= Anser (poet) =

Anser was a minor poet of ancient Rome who lived in the 1st century BC. He is mentioned by Ovid as a writer of love poetry associated with Catullus, Calvus and Cinna. According to the 4th-century AD grammarian Servius, he was a "very bad poet" who wrote in praise of the triumvir Mark Antony and was a detractor of Virgil. None of his work is known to have survived.

==Cicero and Ovid==
The earliest writer to mention the name Anser is Cicero (Philippic 13.11), who in 43 BC speaks of some Ansers who were supporters of Mark Antony. In the quotation below, Cicero is saying that Sextus Pompeius (Pompey the Great's son) should be allowed to reclaim his father's property which had been seized by Antony:

"The Alban and Formian villas he will recover from Dolabella; the Tusculan villa he will also recover from Antonius. And these Ansers who are joining in the attack on Mutina and in the blockade of Decimus Brutus will be driven from his Falernian villa."

More than 50 years later Ovid (Tristia 2.435), in a list of writers of risqué Latin love poetry, mentions a poet Anser in association with Catullus and Catullus's friend Calvus:

Cinna quoque his comes est, Cinnaque procacior Anser
"Cinna is a companion to these (i.e. Catullus and Calvus), and Anser, who was (even) more risqué than Cinna"

Putting this evidence together with the information given by Servius (see below) that the poet Anser was a supporter of Mark Antony, it is conjectured by many scholars that he was one of the Ansers mentioned by Cicero, and that he was perhaps gifted an estate in the Falernian region in Campania by his patron.

==Virgil and Servius==

Commenting on Virgil's Eclogue 7, 21, the 4th century AD grammarian Servius says: "Many people have supposed there is an allegory in this eclogue, so that Daphnis is Caesar, Corydon Virgil, and Thyrsis, who is defeated, one of Virgil's detractors, namely either Bavius or Anser or Maevius, very bad poets."

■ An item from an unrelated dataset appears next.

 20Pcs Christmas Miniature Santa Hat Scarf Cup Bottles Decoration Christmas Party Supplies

He makes a second mention of the poet in his comment on Virgil's Eclogue 9, 35–36, in which a young herdsman Lycidas says this about his skill in poetry:

nam neque adhuc Vario videor nec dicere Cinna
digna, sed argutos inter strepere anser olores

"For I do not yet seem to make songs worthy of Varius or Cinna,
but to make a noise like a goose (anser) among melodious swans".

Commenting on this line, Servius wrote: "He is alluding to a certain Anser, a poet of Antony's, who used to write praises of him (i.e. of Antony), and for this reason Virgil criticised him."

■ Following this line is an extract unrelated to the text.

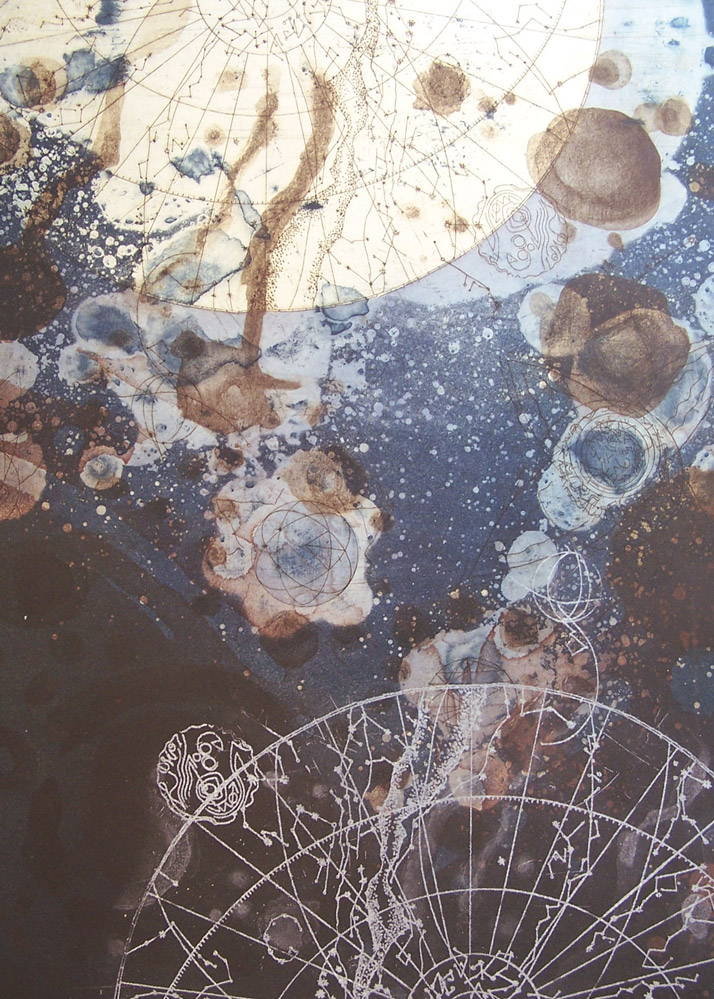 Celestial Mapping IX artwork with astronomical lines and layered colour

Some commentators have therefore suggested that the character Lycidas in Eclogue 9 represents Anser. Others, however, have cast doubt on Servius's claim, on the grounds that Servius is often unreliable.

Others again, even if they do not identify "Anser" with Lycidas, question whether there was ever a person who was actually named "Anser", or whether it was just a generic dismissal of a bad poet. However, the evidence from Cicero and Ovid seems to indicate that there really was a poet called Anser and that it was a genuine name.

==Propertius==
Propertius (2.34.83–84), in a passage apparently imitating the lines from Eclogue 9 quoted above, also contrasts a swan and a goose, commenting on the latter's indocto carmine . However, the textual problems of these lines make it impossible to be confident about Propertius' exact text or meaning, and different scholars have expressed differing views about which poet is meant by the swan and which by the goose.